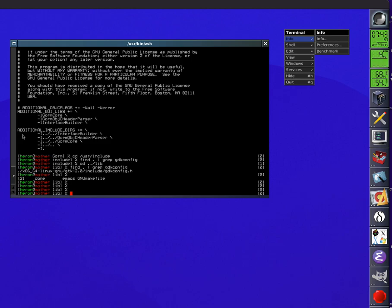So the other thing is GNUstep does not maintain a compiler. Okay? Let me say that again. GNUstep does not maintain a compiler. We are a project that builds the API.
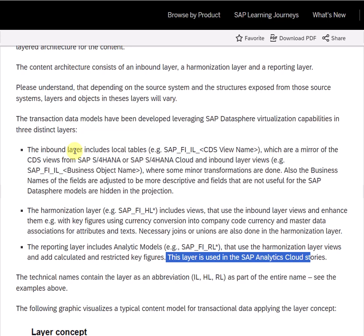The reporting layer utilizes the artifacts of the harmonization layer. It also contains an analytical model, and in the reporting layer we can create calculated and restricted key figures. These reporting layer objects are consumed in SAP Analytics Cloud.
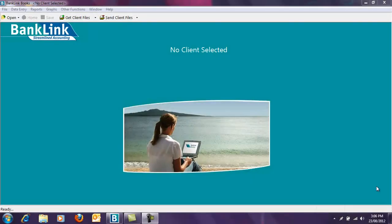Welcome to GTP TV. This episode looks at downloading your BankLink Books file from BankLink Online as well as uploading the file to BankLink Online for your accountant.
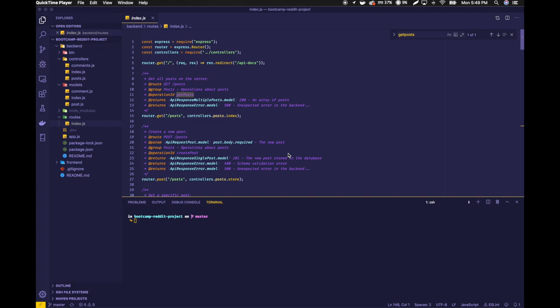Welcome back to the Bits of Good Bootcamp. In this video I wanted to go through a couple of clarifications about the back-end issue that you're going to be working on for this project. I have the Bootcamp Reddit project completely pulled up, and I also have my terminal pulled up so that I can run some commands in order to get this back-end server running.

● ● ● ● ●

● ABOUT THIS TASK:
Images in the data above are to be skipped. Retype all other material exactly.

● RESULT BELOW:
So the other thing is GNUstep does not maintain a compiler. Okay? Let me say that again. GNUstep does not maintain a compiler. We are a project that builds the API.
The reporting layer utilizes the artifacts of the harmonization layer. It also contains an analytical model, and in the reporting layer we can create calculated and restricted key figures. These reporting layer objects are consumed in SAP Analytics Cloud.
Welcome to GTP TV. This episode looks at downloading your BankLink Books file from BankLink Online as well as uploading the file to BankLink Online for your accountant.
Welcome back to the Bits of Good Bootcamp. In this video I wanted to go through a couple of clarifications about the back-end issue that you're going to be working on for this project. I have the Bootcamp Reddit project completely pulled up, and I also have my terminal pulled up so that I can run some commands in order to get this back-end server running.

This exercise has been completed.